Wie gut werden die Badegäste in den Schweizer Freibädern beaufsichtigt? Das wollte der K-Tipp wissen und besuchte deshalb fünf grosse Bäder in Bern, Luzern und Zürich. Die Resultate sind ernüchternd.
- Bern, Weyermannshaus, 26. Mai: Kaum ein anderes Bad in der Schweiz lässt sich so schwer überwachen. Denn das Becken hat bei einem Durchmesser von rund 150 Metern eine Wasserfläche von über 16 000 Quadratmetern - das entspricht mehr als 20 Becken mit einer Länge von 50 und einer Breite von 15 Metern. Dennoch sind kurz vor 11 Uhr nur zwei Bademeister am Becken. Der eine ist mit einem Besen beschäftigt, der andere mit einem Rechen. Die Badenden überwacht niemand. Prädikat: ungenügend.
- Bern, Marzili, 29. Mai: Nachmittags um halb vier ist hier der Teufel los. Ein Bademeister steht am Sprungbecken, ein anderer versucht den Überblick über 200 Leute im Schwimmerbecken zu behalten, ein weiterer schaut 180 Erwachsenen und Kindern in den beiden Nichtschwimmerbecken zu. An der Aare, in der sich viele Wasserratten treiben lassen, hats keinen Bademeister. Prädikat: ungenügend.
- Zürich, Tiefenbrunnen, 3. Juni: Trotz 6 Franken Eintritt heisst es am See: «Baden auf eigene Verantwortung, keine permanente Aufsicht.» Kurz vor Mittag beobachtet ein Bademeister auf einem Drehstuhl die Rutschbahn und die beiden Nichtschwimmerbereiche. Immer aber hat er einen Teil der Kinder in seinem Rücken. Die Sprungbretter und die Flosse sind nicht überwacht. Prädikat: ungenügend.

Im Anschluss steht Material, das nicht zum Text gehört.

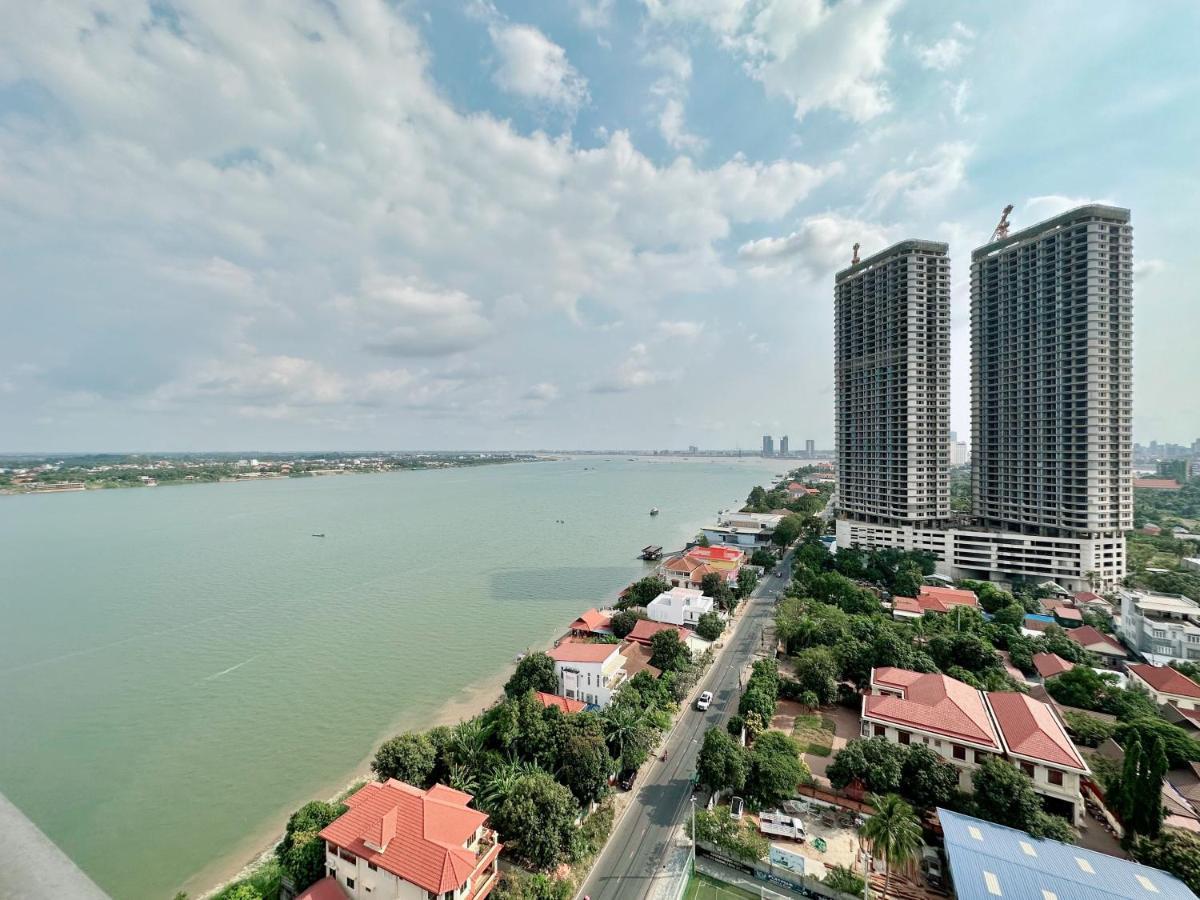 Infinity 28 Hotel And Residence Phnom Penh Exteriör bild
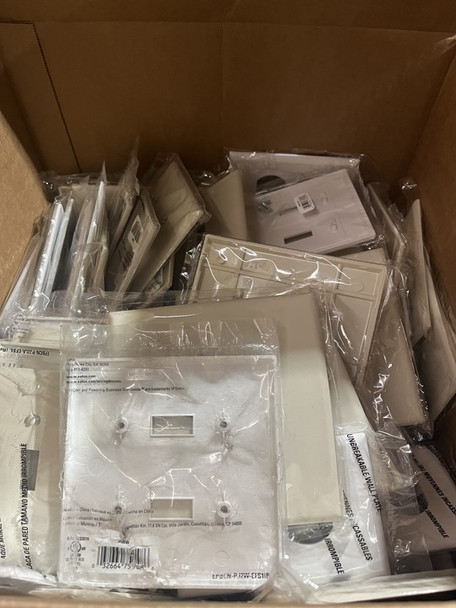 Eaton ECLOT-0006-B-WALLPLATES Wallplates and Accessories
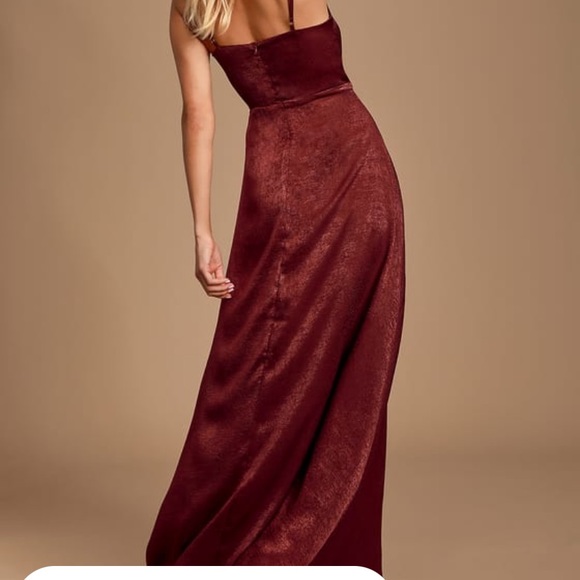 Lulu’s Constantine Burgundy Satin Maxi - Picture 3 of 12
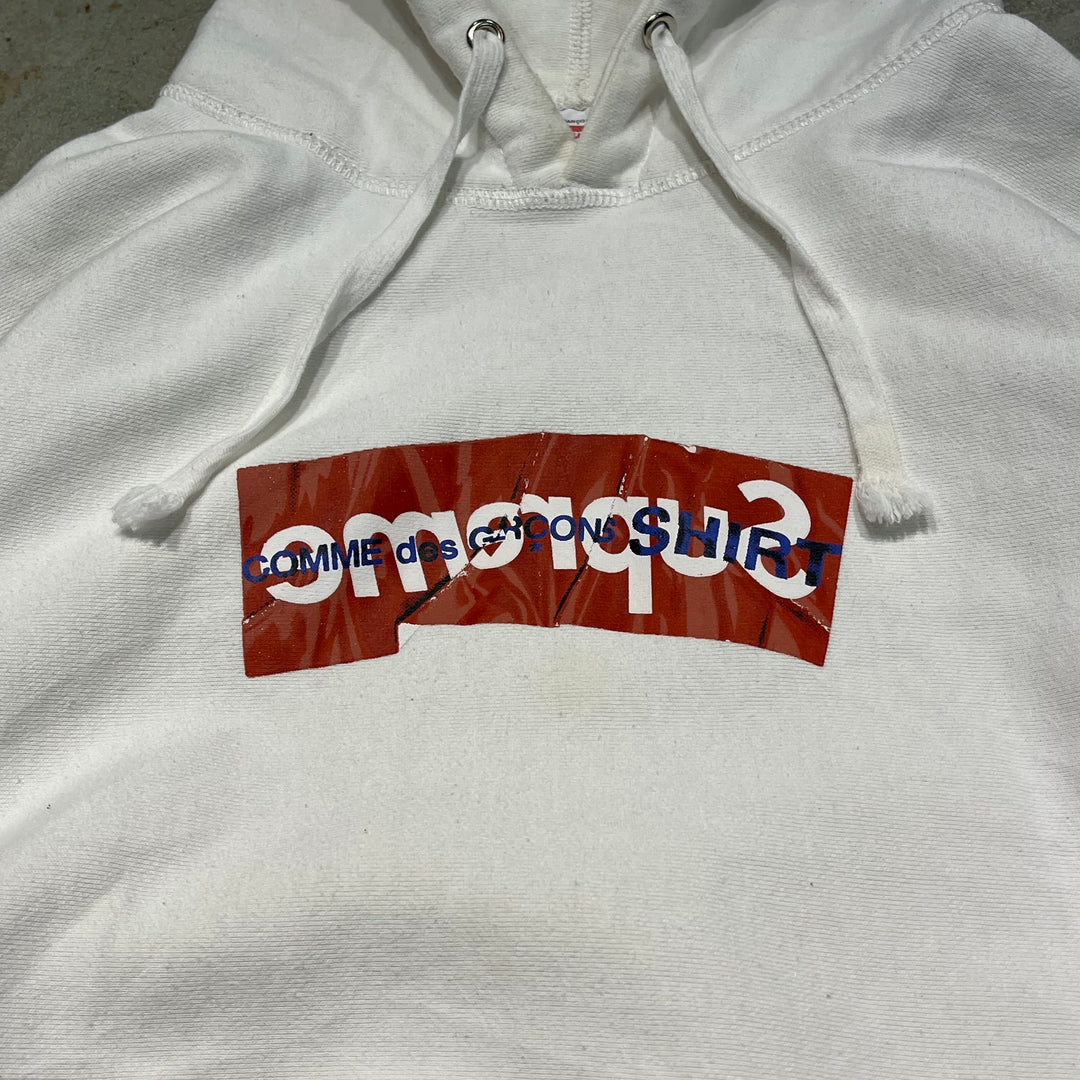 #3918 古着Supreme/hoodie sweat/フーディースウェット/カレッジロゴ/COMME des GAR CONS SHIRT/サイズXL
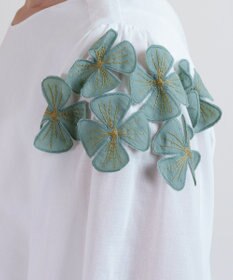 muuc 〈コットン100%強撚糸〉〈遠州織物の工場で織られた上質な生地〉〈清涼感とシアー感〉コットンシフォンドビー 花モチーフ付きブラウス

- Zürich, Allenmoos, 3. Juni: Kurz nach Mittag steht ein Bademeister am Schwimmerbecken. Das Nichtschwimmerbecken mit der Rutschbahn ist nicht überwacht - und dies, obwohl dort rund 60 Kinder wilde Spiele treiben. Prädikat: ungenügend.
- Luzern, Lido, 3. Juni: Eine imposante Bademeister-Plattform steht gleich am See. Nur: Sie ist nicht besetzt. Dafür hats am Becken gleich zwei Bademeister. Prädikat: ungenügend.
Kein einziges Planschbecken war bei der K-Tipp-Stichprobe überwacht. Dabei kommt es immer wieder vor, dass kleine Kinder schon im knietiefen Wasser ertrinken.
Auch das Bundesgericht hat sich schon mit der Sicherheit und der damit verbundenen Aufsichtspflicht in Badeanstalten befasst. 1987 hat es festgestellt, dass ein Bademeister auf 50 Badende beziehungsweise 500 Badegäste ausreichend sei. Klar machte das Bundesgericht zudem, dass «besonders gefährliche Bereiche wie Becken und Sprungbretter» ständig überwacht werden müssen. Und später präzisierte das Bezirksgericht Uster, dass auch ein Nichtschwimmerbecken ein gefährlicher Bereich sei.
Dennoch halten die Betreiber der Freibäder die Aufsicht auf Sparflamme. «Gemäss Bundesgericht ist für ein normales Risiko jeder Badegast selber verantwortlich, insbesondere in öffentlichen Gewässern», behauptet Hermann Schumacher vom Sportamt Zürich.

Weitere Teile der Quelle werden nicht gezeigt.